Records provided –
╔══
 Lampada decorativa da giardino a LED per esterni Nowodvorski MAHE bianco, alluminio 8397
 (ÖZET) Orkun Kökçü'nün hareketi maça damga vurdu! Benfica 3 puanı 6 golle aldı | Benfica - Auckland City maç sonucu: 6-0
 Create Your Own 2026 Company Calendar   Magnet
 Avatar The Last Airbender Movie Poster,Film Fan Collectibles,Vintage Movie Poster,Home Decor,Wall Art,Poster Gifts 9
╚══
╔══
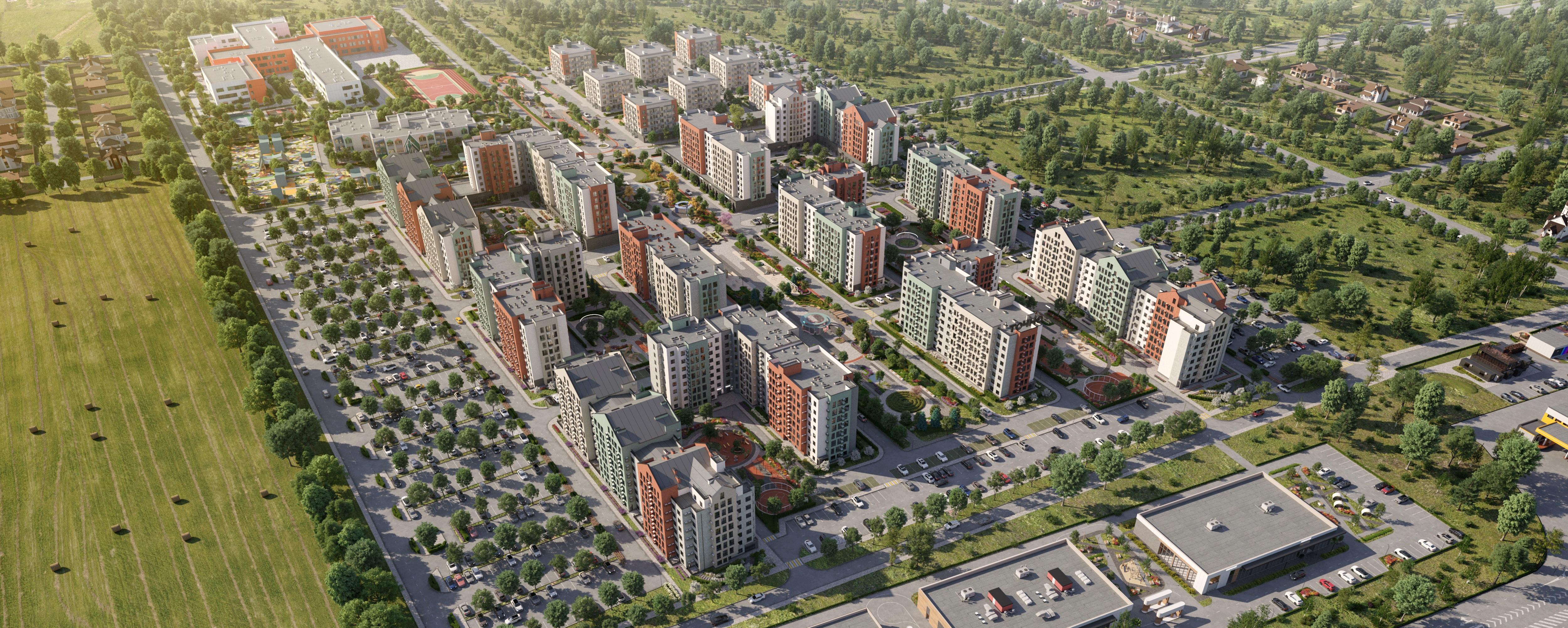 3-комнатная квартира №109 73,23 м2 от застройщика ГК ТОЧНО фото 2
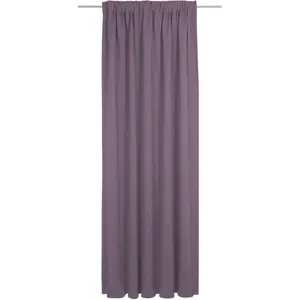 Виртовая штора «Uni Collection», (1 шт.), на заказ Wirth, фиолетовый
╚══
Assignment – Find the line with "Lampada decorativa da" in the entries above. Retype it and each line after it, exactly, through the line with "Avatar The Last", and stop there.

Response to this task –
 Lampada decorativa da giardino a LED per esterni Nowodvorski MAHE bianco, alluminio 8397
 (ÖZET) Orkun Kökçü'nün hareketi maça damga vurdu! Benfica 3 puanı 6 golle aldı | Benfica - Auckland City maç sonucu: 6-0
 Create Your Own 2026 Company Calendar   Magnet
 Avatar The Last Airbender Movie Poster,Film Fan Collectibles,Vintage Movie Poster,Home Decor,Wall Art,Poster Gifts 9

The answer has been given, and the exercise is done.